- Opening Delimiter -
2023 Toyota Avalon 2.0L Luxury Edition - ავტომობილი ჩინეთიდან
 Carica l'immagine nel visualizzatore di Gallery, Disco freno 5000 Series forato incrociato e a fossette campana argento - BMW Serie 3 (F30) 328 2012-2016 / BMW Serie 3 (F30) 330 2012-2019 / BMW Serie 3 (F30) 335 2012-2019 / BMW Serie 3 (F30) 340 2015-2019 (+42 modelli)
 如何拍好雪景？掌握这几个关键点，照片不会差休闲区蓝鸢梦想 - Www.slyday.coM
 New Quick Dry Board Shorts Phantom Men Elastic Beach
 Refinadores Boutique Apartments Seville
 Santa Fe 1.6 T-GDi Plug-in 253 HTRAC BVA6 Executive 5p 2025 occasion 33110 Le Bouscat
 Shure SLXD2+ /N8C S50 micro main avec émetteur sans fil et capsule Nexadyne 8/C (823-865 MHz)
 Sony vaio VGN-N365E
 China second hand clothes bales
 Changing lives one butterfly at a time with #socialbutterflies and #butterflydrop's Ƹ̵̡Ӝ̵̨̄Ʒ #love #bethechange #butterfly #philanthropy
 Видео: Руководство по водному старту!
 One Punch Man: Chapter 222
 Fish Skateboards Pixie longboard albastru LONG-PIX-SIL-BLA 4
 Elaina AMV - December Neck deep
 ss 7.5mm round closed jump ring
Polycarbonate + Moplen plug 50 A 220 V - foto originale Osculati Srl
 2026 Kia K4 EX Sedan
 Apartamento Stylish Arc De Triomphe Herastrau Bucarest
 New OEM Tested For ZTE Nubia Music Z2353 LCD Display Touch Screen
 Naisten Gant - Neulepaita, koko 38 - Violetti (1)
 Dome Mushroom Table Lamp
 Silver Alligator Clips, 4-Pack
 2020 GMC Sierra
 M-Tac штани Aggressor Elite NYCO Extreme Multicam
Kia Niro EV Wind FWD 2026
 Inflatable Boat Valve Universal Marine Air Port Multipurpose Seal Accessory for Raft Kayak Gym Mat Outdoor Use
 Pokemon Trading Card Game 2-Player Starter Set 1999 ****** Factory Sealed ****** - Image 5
- Closing Delimiter -
Your job here is to copy the entries above exactly.

Solution to the exercise |
2023 Toyota Avalon 2.0L Luxury Edition - ავტომობილი ჩინეთიდან
 Carica l'immagine nel visualizzatore di Gallery, Disco freno 5000 Series forato incrociato e a fossette campana argento - BMW Serie 3 (F30) 328 2012-2016 / BMW Serie 3 (F30) 330 2012-2019 / BMW Serie 3 (F30) 335 2012-2019 / BMW Serie 3 (F30) 340 2015-2019 (+42 modelli)
 如何拍好雪景？掌握这几个关键点，照片不会差休闲区蓝鸢梦想 - Www.slyday.coM
 New Quick Dry Board Shorts Phantom Men Elastic Beach
 Refinadores Boutique Apartments Seville
 Santa Fe 1.6 T-GDi Plug-in 253 HTRAC BVA6 Executive 5p 2025 occasion 33110 Le Bouscat
 Shure SLXD2+ /N8C S50 micro main avec émetteur sans fil et capsule Nexadyne 8/C (823-865 MHz)
 Sony vaio VGN-N365E
 China second hand clothes bales
 Changing lives one butterfly at a time with #socialbutterflies and #butterflydrop's Ƹ̵̡Ӝ̵̨̄Ʒ #love #bethechange #butterfly #philanthropy
 Видео: Руководство по водному старту!
 One Punch Man: Chapter 222
 Fish Skateboards Pixie longboard albastru LONG-PIX-SIL-BLA 4
 Elaina AMV - December Neck deep
 ss 7.5mm round closed jump ring
Polycarbonate + Moplen plug 50 A 220 V - foto originale Osculati Srl
 2026 Kia K4 EX Sedan
 Apartamento Stylish Arc De Triomphe Herastrau Bucarest
 New OEM Tested For ZTE Nubia Music Z2353 LCD Display Touch Screen
 Naisten Gant - Neulepaita, koko 38 - Violetti (1)
 Dome Mushroom Table Lamp
 Silver Alligator Clips, 4-Pack
 2020 GMC Sierra
 M-Tac штани Aggressor Elite NYCO Extreme Multicam
Kia Niro EV Wind FWD 2026
 Inflatable Boat Valve Universal Marine Air Port Multipurpose Seal Accessory for Raft Kayak Gym Mat Outdoor Use
 Pokemon Trading Card Game 2-Player Starter Set 1999 ****** Factory Sealed ****** - Image 5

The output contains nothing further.